### EXERCISE
The required output is every entry below, copied exactly.

### DATA IN THIS EXERCISE

────────────────────

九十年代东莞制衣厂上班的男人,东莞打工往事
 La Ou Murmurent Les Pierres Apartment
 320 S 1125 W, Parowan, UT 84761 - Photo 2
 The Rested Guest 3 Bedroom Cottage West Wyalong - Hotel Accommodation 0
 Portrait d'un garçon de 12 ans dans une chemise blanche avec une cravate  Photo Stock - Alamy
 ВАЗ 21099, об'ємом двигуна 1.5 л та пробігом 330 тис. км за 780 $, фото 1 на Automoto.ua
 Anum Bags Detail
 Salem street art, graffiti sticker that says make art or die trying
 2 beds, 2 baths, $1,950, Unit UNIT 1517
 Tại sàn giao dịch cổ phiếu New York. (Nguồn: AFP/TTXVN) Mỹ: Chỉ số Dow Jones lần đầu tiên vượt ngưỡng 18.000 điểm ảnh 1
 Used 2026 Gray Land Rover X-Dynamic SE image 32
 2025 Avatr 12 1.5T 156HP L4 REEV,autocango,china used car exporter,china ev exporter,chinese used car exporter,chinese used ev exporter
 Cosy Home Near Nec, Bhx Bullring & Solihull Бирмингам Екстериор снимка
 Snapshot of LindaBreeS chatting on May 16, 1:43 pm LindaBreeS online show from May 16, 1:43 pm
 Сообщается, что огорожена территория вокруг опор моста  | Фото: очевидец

────────────────────

### TASK OUTPUT
九十年代东莞制衣厂上班的男人,东莞打工往事
 La Ou Murmurent Les Pierres Apartment
 320 S 1125 W, Parowan, UT 84761 - Photo 2
 The Rested Guest 3 Bedroom Cottage West Wyalong - Hotel Accommodation 0
 Portrait d'un garçon de 12 ans dans une chemise blanche avec une cravate  Photo Stock - Alamy
 ВАЗ 21099, об'ємом двигуна 1.5 л та пробігом 330 тис. км за 780 $, фото 1 на Automoto.ua
 Anum Bags Detail
 Salem street art, graffiti sticker that says make art or die trying
 2 beds, 2 baths, $1,950, Unit UNIT 1517
 Tại sàn giao dịch cổ phiếu New York. (Nguồn: AFP/TTXVN) Mỹ: Chỉ số Dow Jones lần đầu tiên vượt ngưỡng 18.000 điểm ảnh 1
 Used 2026 Gray Land Rover X-Dynamic SE image 32
 2025 Avatr 12 1.5T 156HP L4 REEV,autocango,china used car exporter,china ev exporter,chinese used car exporter,chinese used ev exporter
 Cosy Home Near Nec, Bhx Bullring & Solihull Бирмингам Екстериор снимка
 Snapshot of LindaBreeS chatting on May 16, 1:43 pm LindaBreeS online show from May 16, 1:43 pm
 Сообщается, что огорожена территория вокруг опор моста  | Фото: очевидец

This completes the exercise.